= Dream consciousness =

Dream consciousness is a term defined by the theorist of dreaming science J. Allan Hobson, M.D. as the memory of subjective awareness during sleep.

According to the theory its importance for cognitive science derives from two perspectives. One is the brain basis for consciousness itself and the other is the interpretation of dreams. Knowing the brain basis of consciousness reduces the Hard problem of consciousness in a significant way while the provision of an alternative to psychodynamic dream interpretation frees that subject from the controversy in which it has been immersed for more than a century. These twin advances in the science of dreaming are elaborated in Hobson's books and articles. The following is a synopsis of the main points on dream consciousness as explained in his works.

== The hard problem ==
The “Hard problem” is defined as the difficulty in specifying how subjective awareness could arise from brain activity. Dream consciousness occurs when the brain is activated during sleep; during REM sleep, that activation is as intense as it is in waking. At the same time, the input-output gates of the brain are actively closed and the chemical balance is shifted from aminergic to cholinergic. The result is an activated, offline, cholinergic brain which, per force rather than perchance, dreams. Waking and dreaming are thus two conscious states whose similarities and differences are now understood.

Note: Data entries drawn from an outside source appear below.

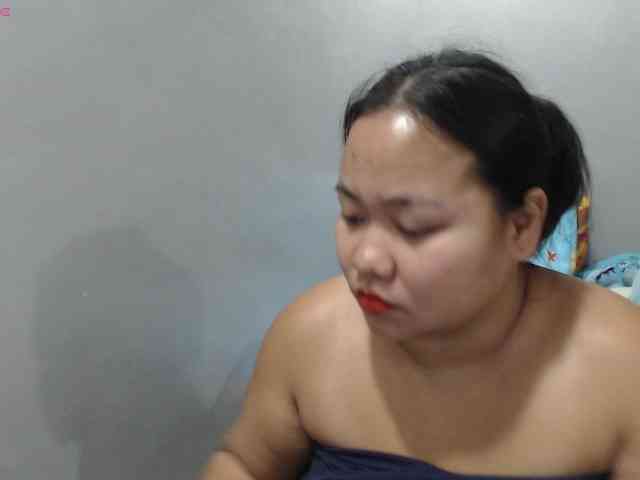 BubbleButtPinay webcam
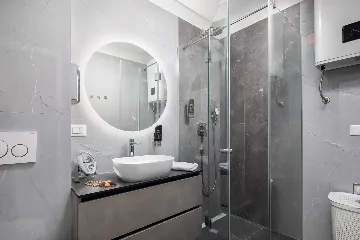 Seaside Apartment with Pool in Okrug Gornji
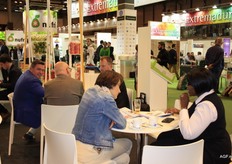 Conversations at Demargro and Boussier.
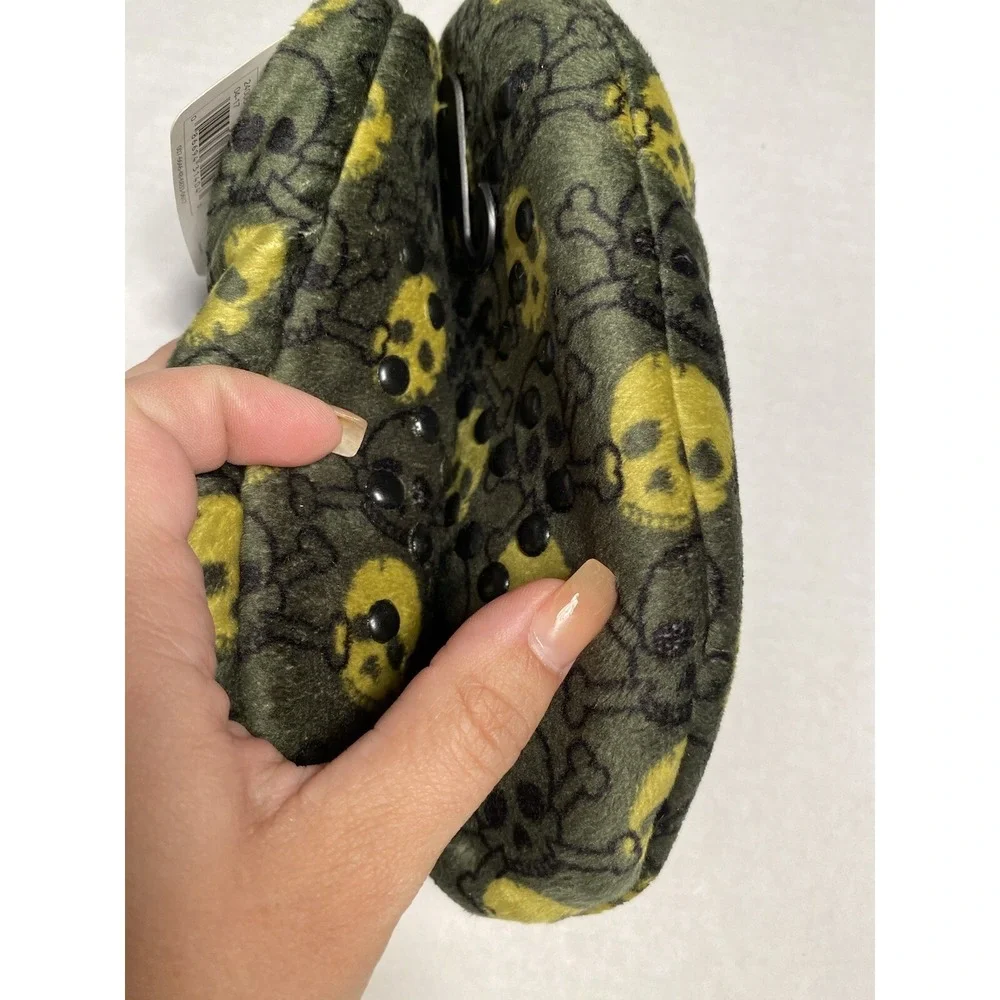 slipper socks boys green skull camo grippers shoe size 8-13 small‎ medium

While acknowledging that this still does not resolve the “hard problem” (of consciousness), in that it fails to specify exactly how and why the activated waking and REM sleeping brain becomes conscious, Hobson suggests that one answer is that the “hard problem” is ill-posed in that it makes a dualistic distinction between brain and mind. An alternative theory is that brain and mind are two physical aspects of a unified system, the brain-mind. His discussion of these philosophical issues is summarized in further detail below.

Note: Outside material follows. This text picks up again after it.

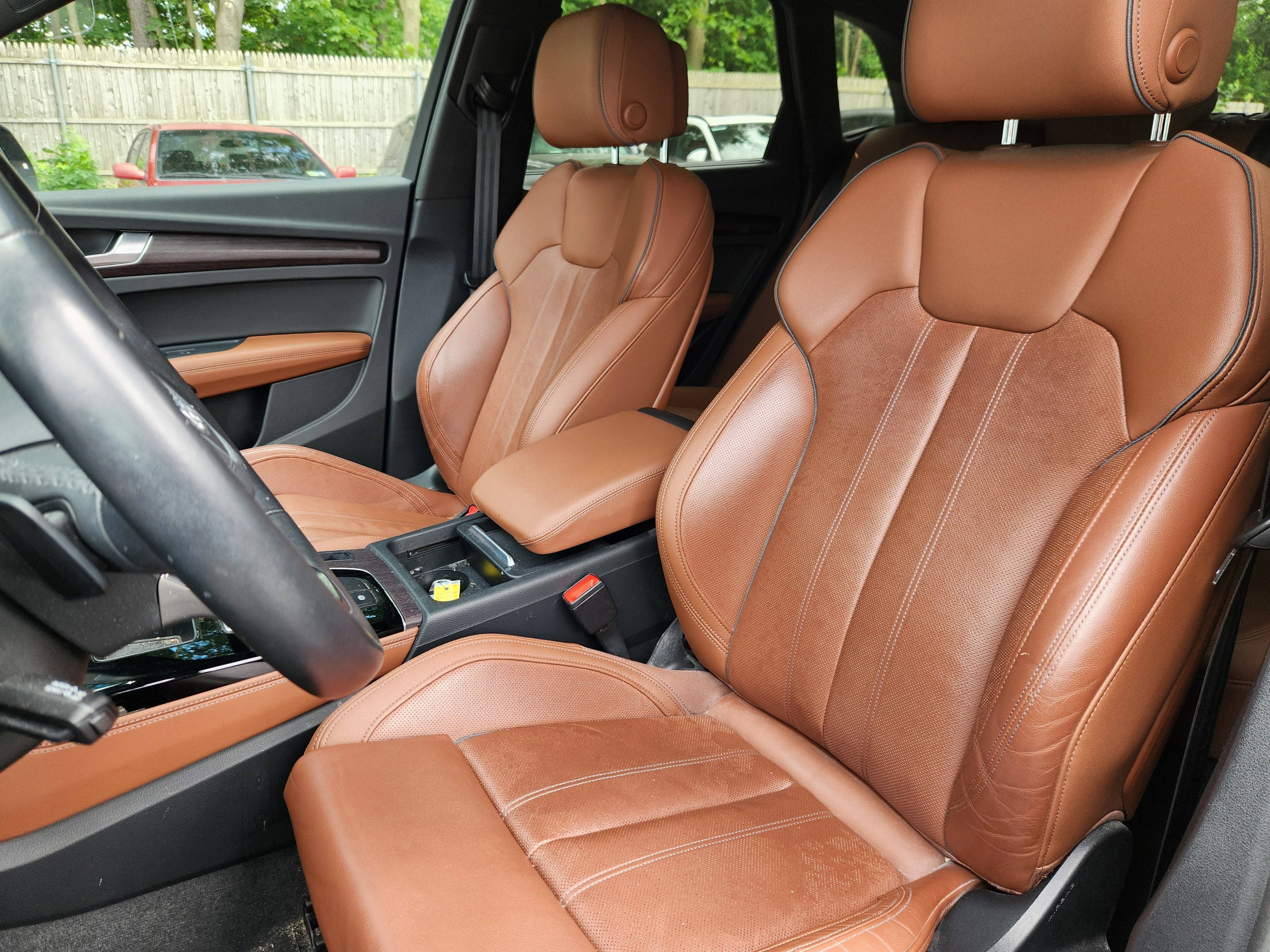 2022 Audi Q5 S line Premium Plus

According to Hobson, dream interpretation has, until recently, relied on theories of symbolic transformations of mental content and the formal approach described here does not disprove previous schemata. It does, however, supply a more neutral cognitive alternative or constitute a new solution to an age-old problem. In Hobson's view, the content of dream consciousness is the integration of recent experience with prior information. That prior information consists of sensorimotor, emotional, and motivational components — many of which can be specified and measured. In keeping with the view that the offline brain is activated in REM sleep, dreaming may be seen as the brain's effort to reformulate its model of the world so as to be a more effective predictor of its future experience.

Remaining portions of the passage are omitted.